### Requirement
Begin at the line that holds "侘寂复式客厅餐厅3d模型下载（渲染图2）" and copy each line exactly until the data below ends, including that last line but no pictures.
####
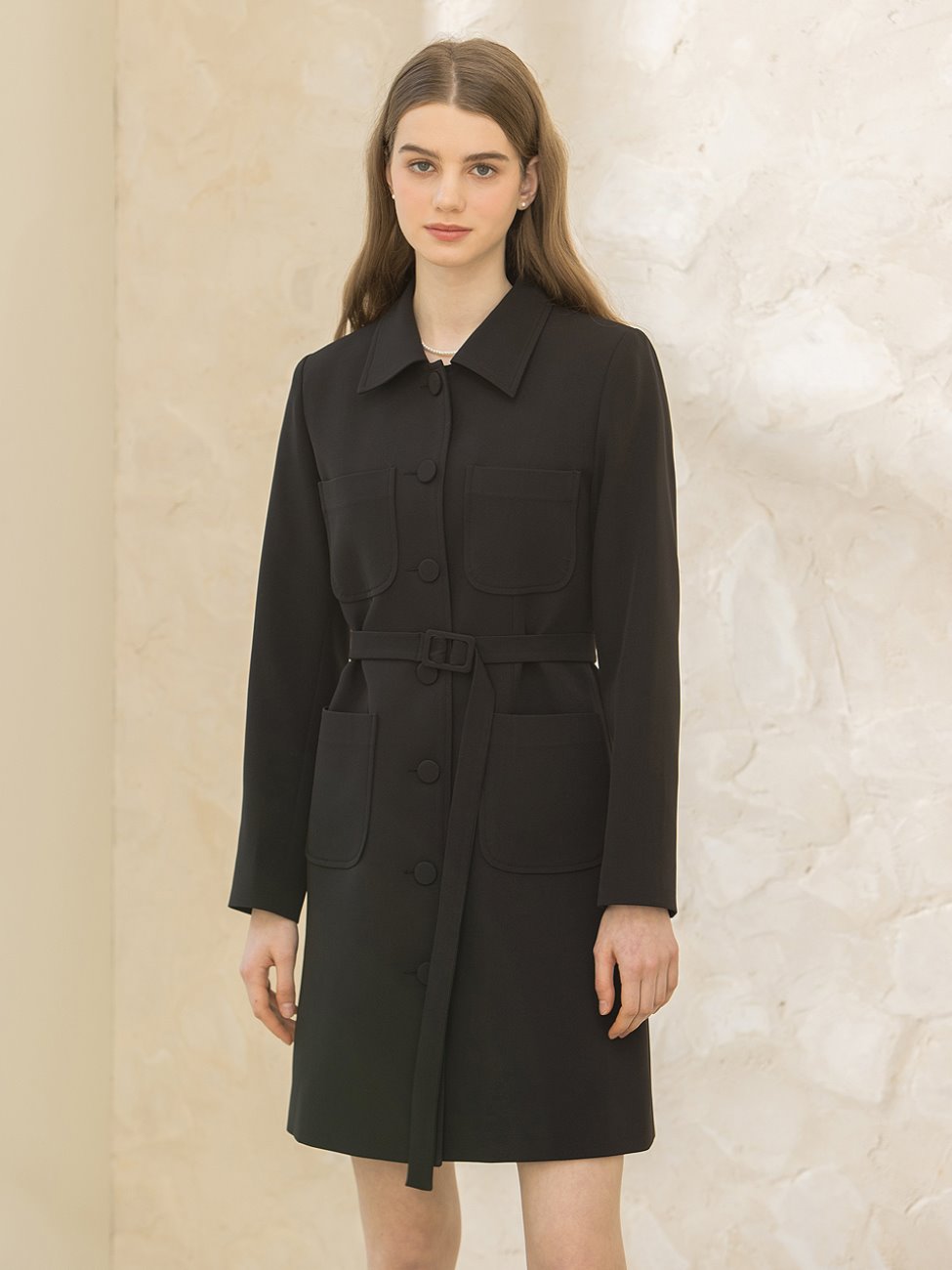 Basic Collar Single Jacket Dress Black
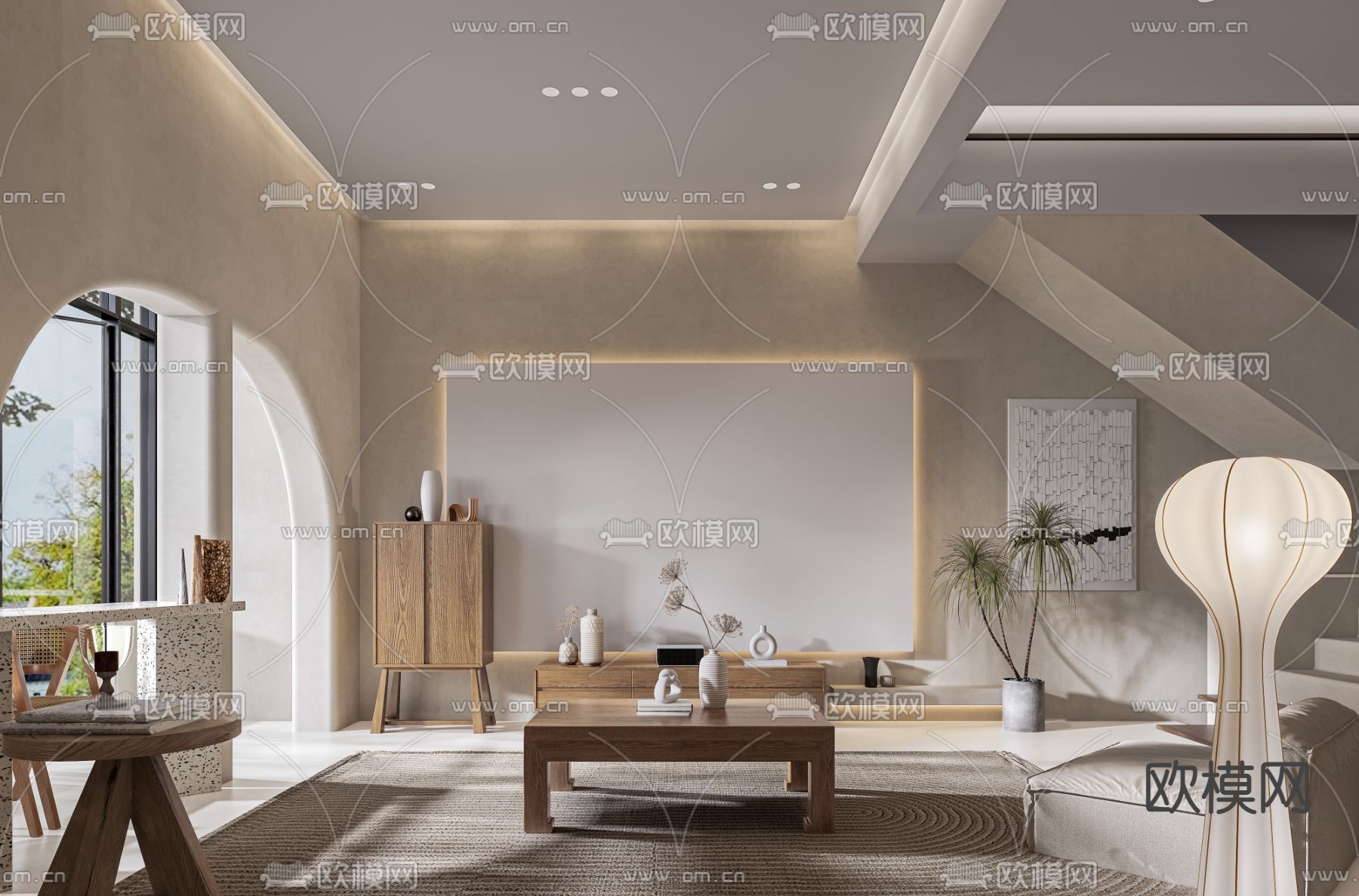 侘寂复式客厅餐厅3d模型下载（渲染图2）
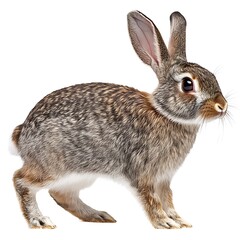 Obraz premium Detailed illustration of a vigilant wild rabbit standing on a white background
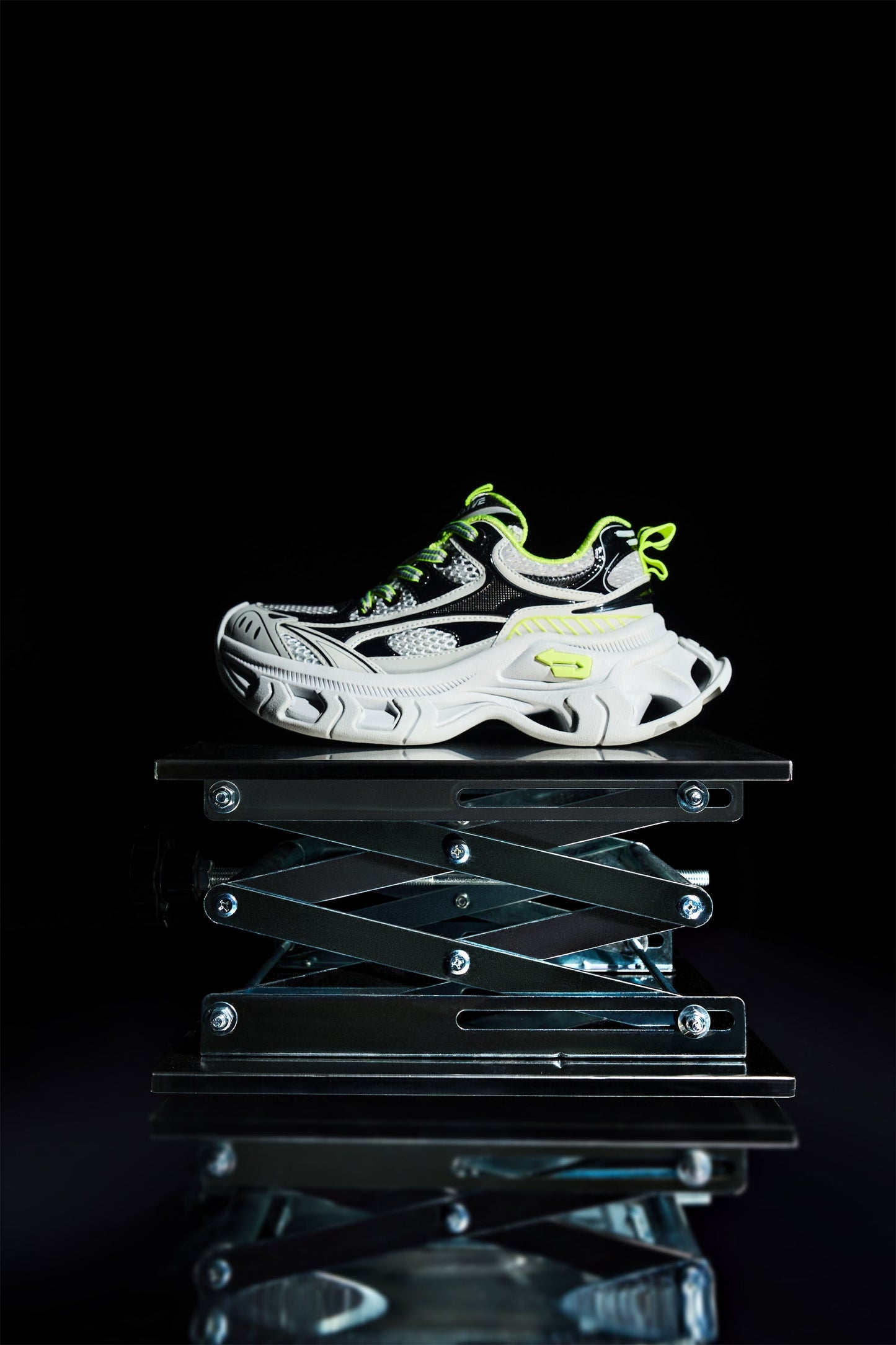 Gray-Teal Papillon Platform Sneakers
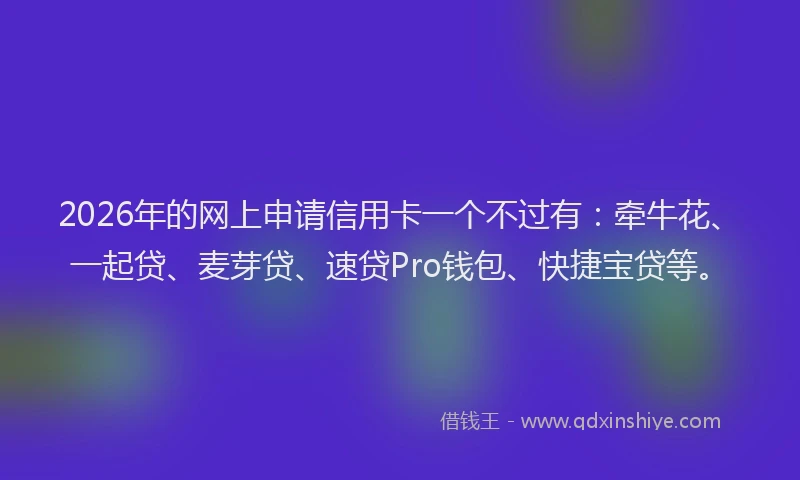 2026年的网上申请信用卡一个不过有：牵牛花、一起贷、麦芽贷、速贷Pro钱包、快捷宝贷等。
####
### Written response
 侘寂复式客厅餐厅3d模型下载（渲染图2）
 Obraz premium Detailed illustration of a vigilant wild rabbit standing on a white background
 Gray-Teal Papillon Platform Sneakers
 2026年的网上申请信用卡一个不过有：牵牛花、一起贷、麦芽贷、速贷Pro钱包、快捷宝贷等。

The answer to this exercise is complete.